> [Information shown]:
———
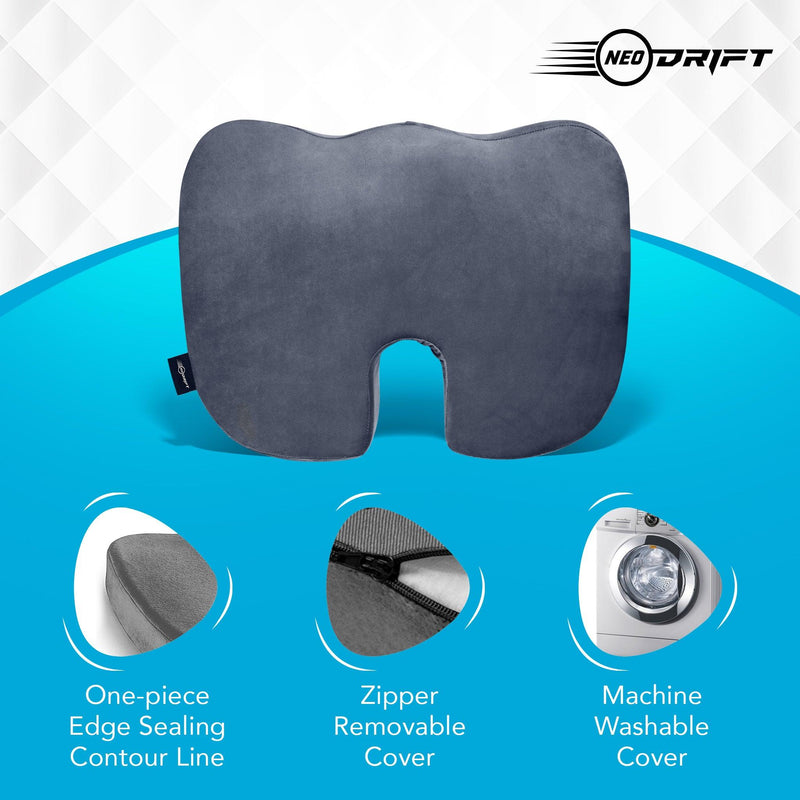 Neodrift® 'OrthoRest' - Memory Foam Seat Cushion for Coccyx & Back Support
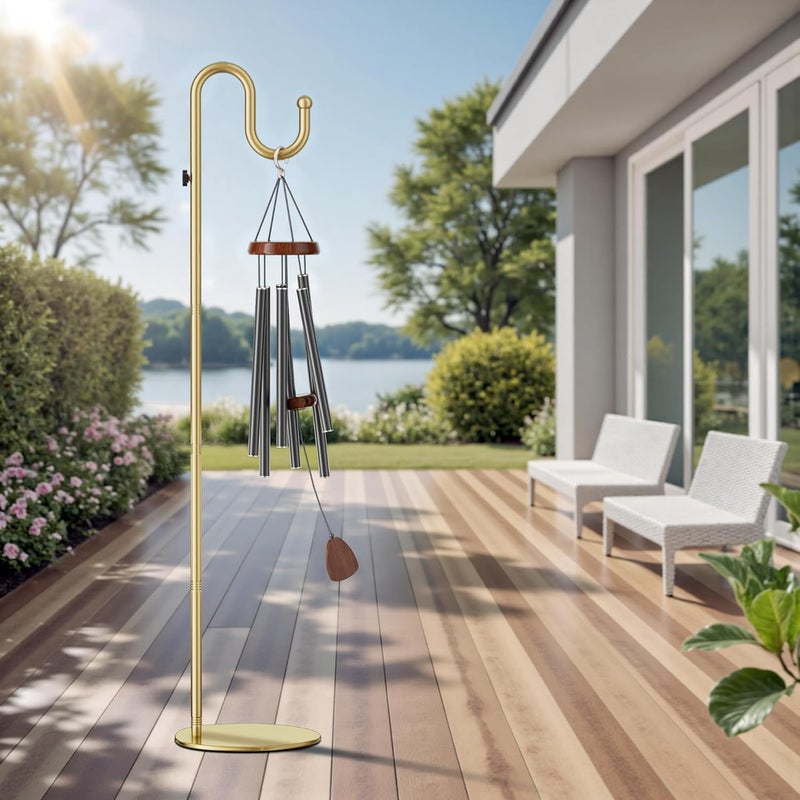saffruff 74" Gold Shepherds Hook Stand–Adjustable Free Standing Pole Holder for Hanging Bird Feeders, Plants, Lanterns, Wreaths, and Wind Chimes, Heavy Duty Base for Indoor & Outdoor Use, Holds Up to 20 LBS - Image 2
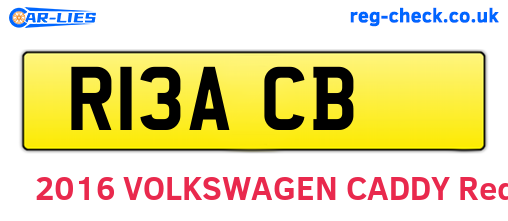 R13ACB are the vehicle registration plates.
———
All the material shown above is to be copied exactly, with no pictures carried over.

> [Your solution]:
 Neodrift® 'OrthoRest' - Memory Foam Seat Cushion for Coccyx & Back Support
saffruff 74" Gold Shepherds Hook Stand–Adjustable Free Standing Pole Holder for Hanging Bird Feeders, Plants, Lanterns, Wreaths, and Wind Chimes, Heavy Duty Base for Indoor & Outdoor Use, Holds Up to 20 LBS - Image 2
 R13ACB are the vehicle registration plates.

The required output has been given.